Work required ▸
The required result is an exact copy of the lines from the one containing "YASHALY 2pcs Tactical" to the last line of the records, both ends included, without pictures.

Short text fragments from websites
▬▬▬▬▬▬
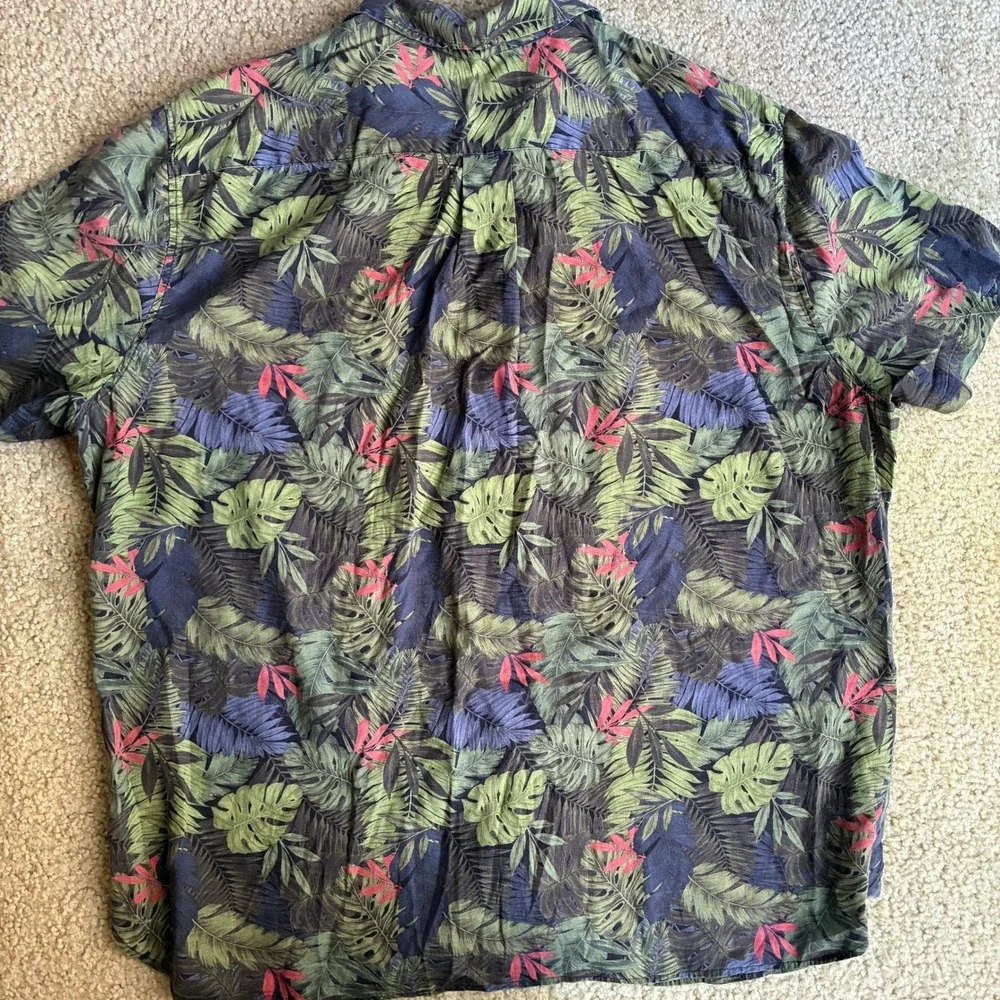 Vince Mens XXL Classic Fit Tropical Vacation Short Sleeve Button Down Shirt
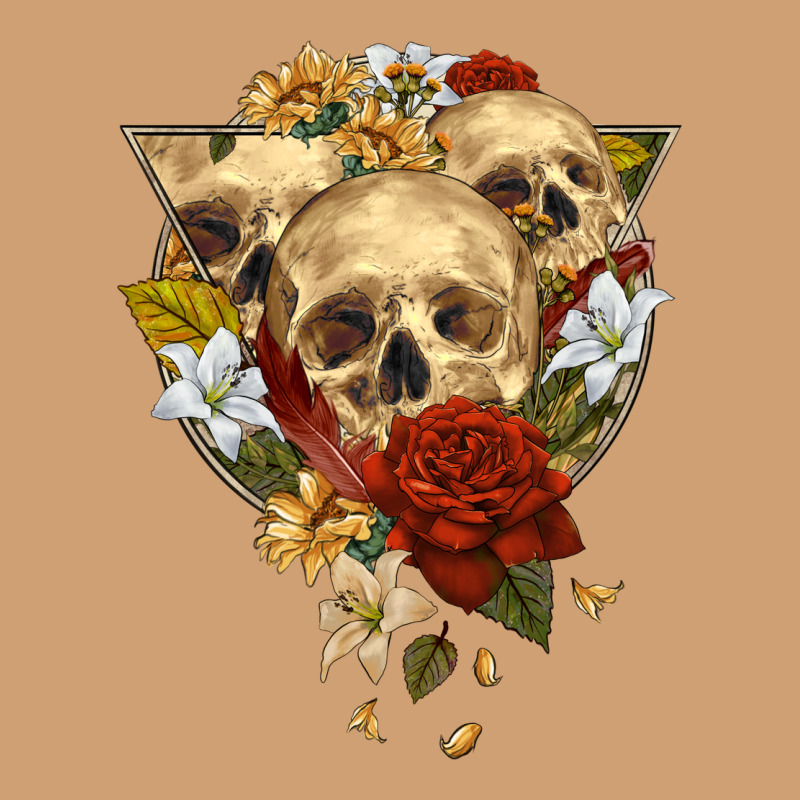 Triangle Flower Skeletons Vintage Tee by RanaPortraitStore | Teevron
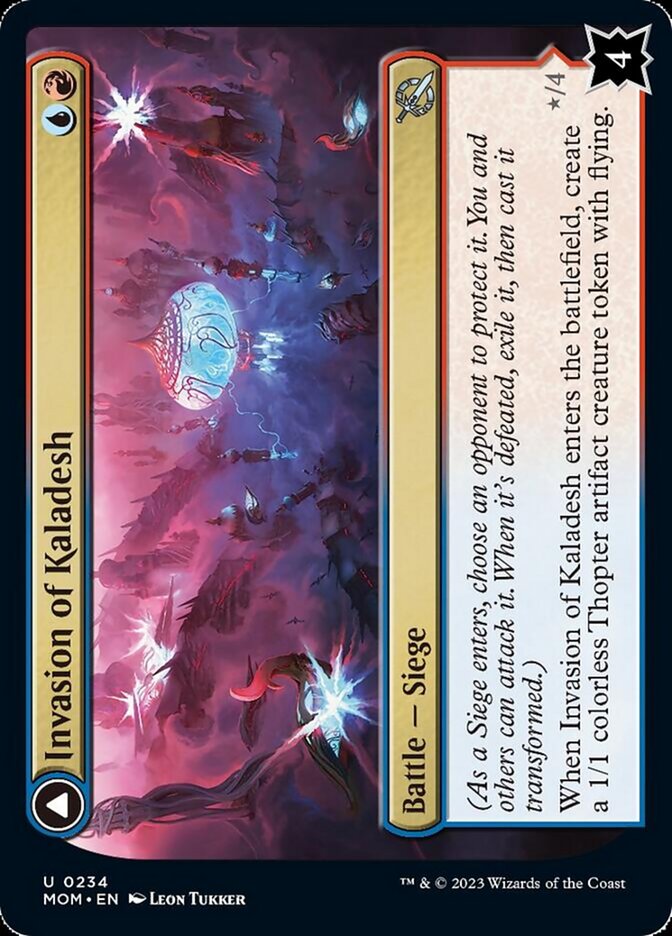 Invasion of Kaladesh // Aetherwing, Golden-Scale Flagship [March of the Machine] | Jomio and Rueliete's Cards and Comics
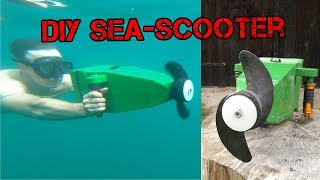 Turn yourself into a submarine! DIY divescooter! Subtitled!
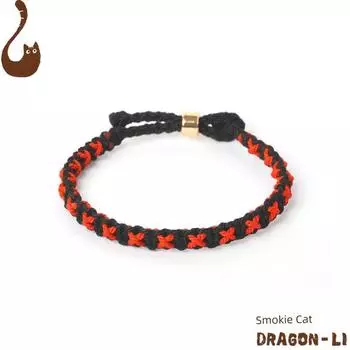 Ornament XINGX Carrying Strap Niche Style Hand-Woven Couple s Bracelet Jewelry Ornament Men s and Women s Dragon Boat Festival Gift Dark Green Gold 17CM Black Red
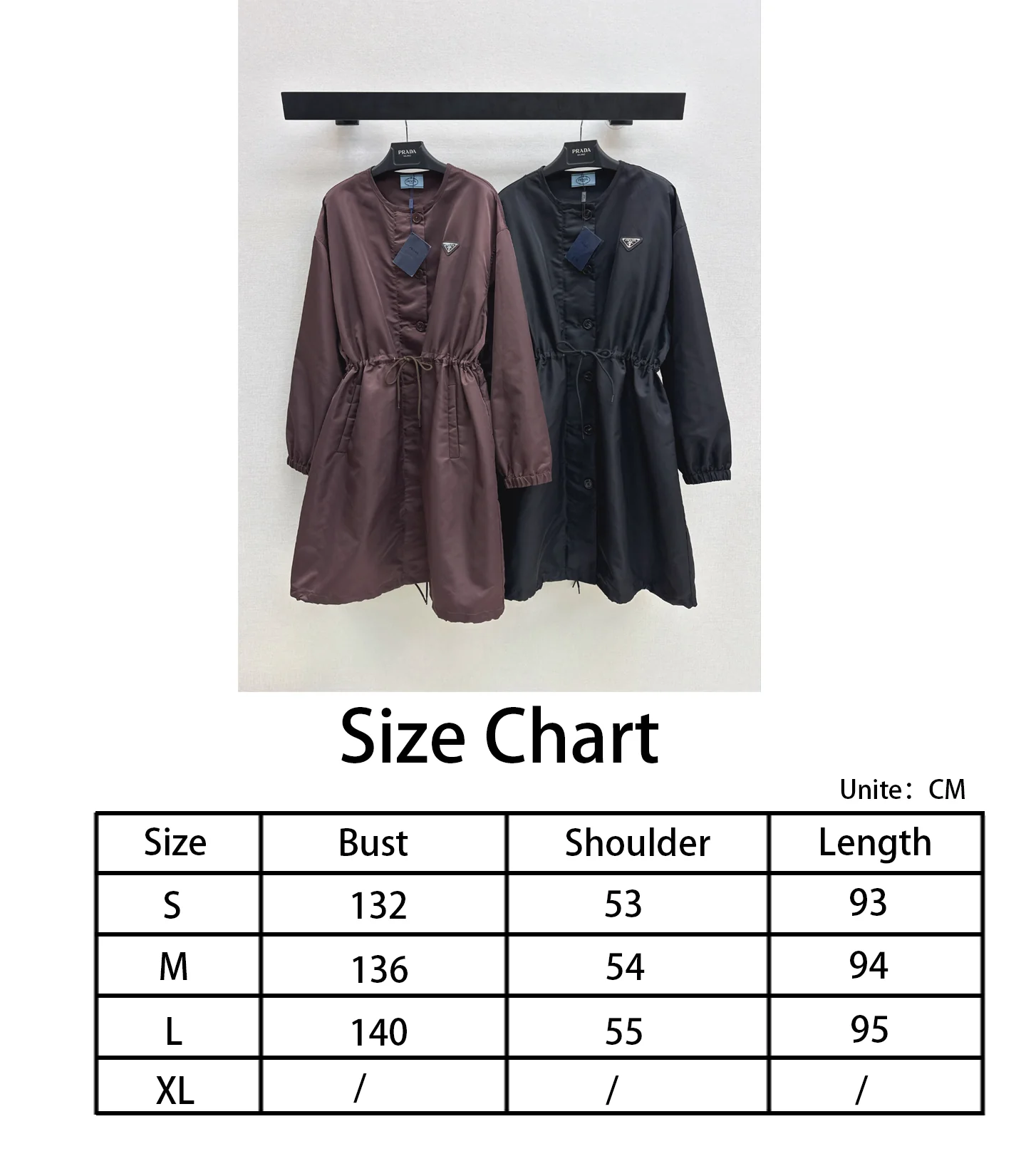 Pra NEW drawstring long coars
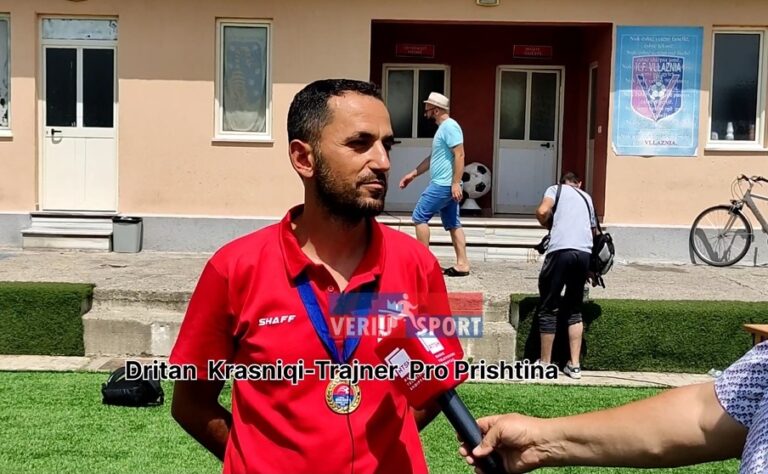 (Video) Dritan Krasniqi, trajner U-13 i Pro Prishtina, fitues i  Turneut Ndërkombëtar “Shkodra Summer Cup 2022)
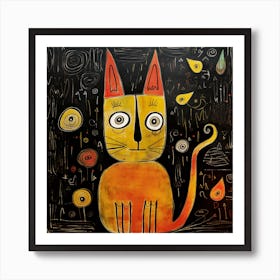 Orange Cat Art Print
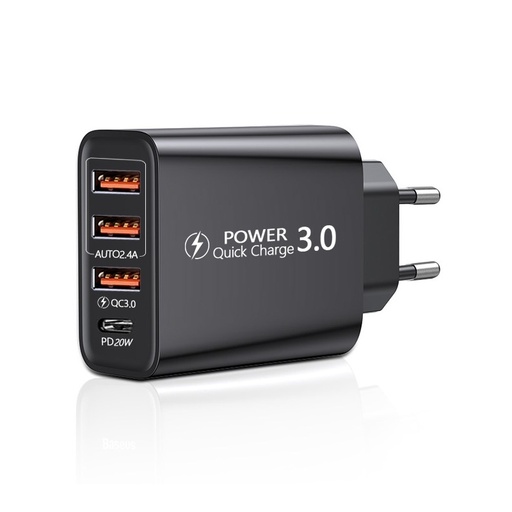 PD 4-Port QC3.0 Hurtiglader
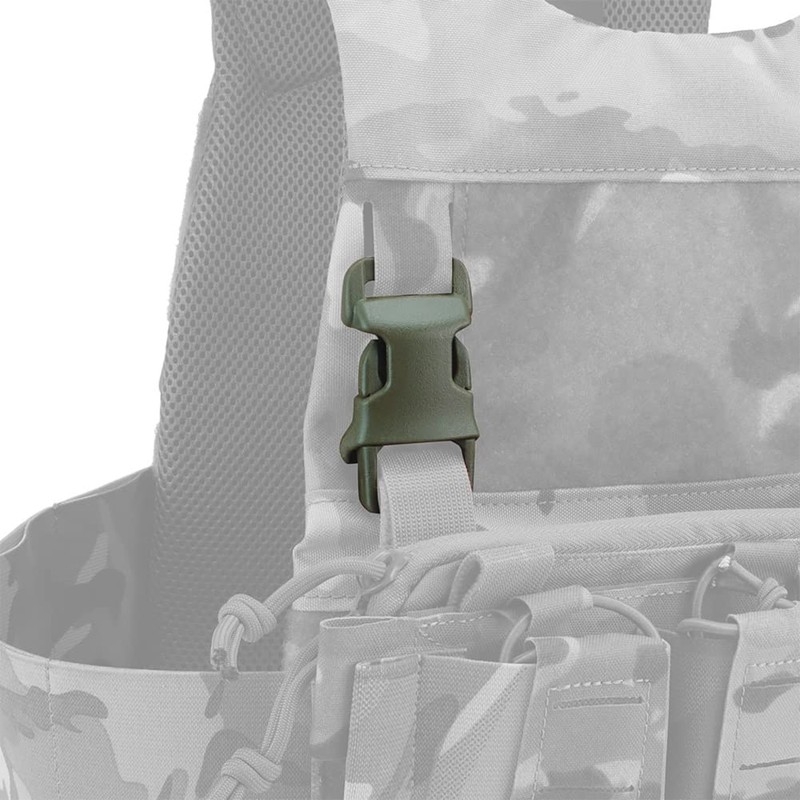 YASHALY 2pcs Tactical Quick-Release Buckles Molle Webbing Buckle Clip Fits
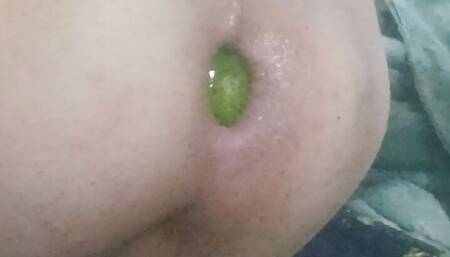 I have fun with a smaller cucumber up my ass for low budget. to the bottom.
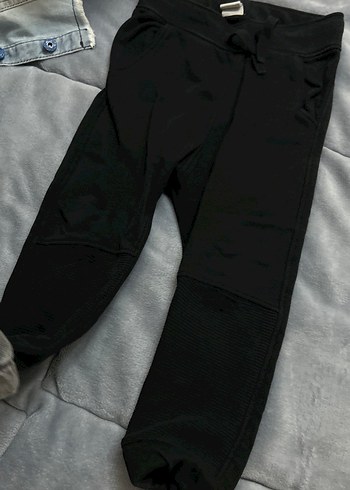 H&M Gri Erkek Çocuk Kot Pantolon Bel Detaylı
▬▬▬▬▬▬
Answer to the exercise ▸
 YASHALY 2pcs Tactical Quick-Release Buckles Molle Webbing Buckle Clip Fits
 I have fun with a smaller cucumber up my ass for low budget. to the bottom.
 H&M Gri Erkek Çocuk Kot Pantolon Bel Detaylı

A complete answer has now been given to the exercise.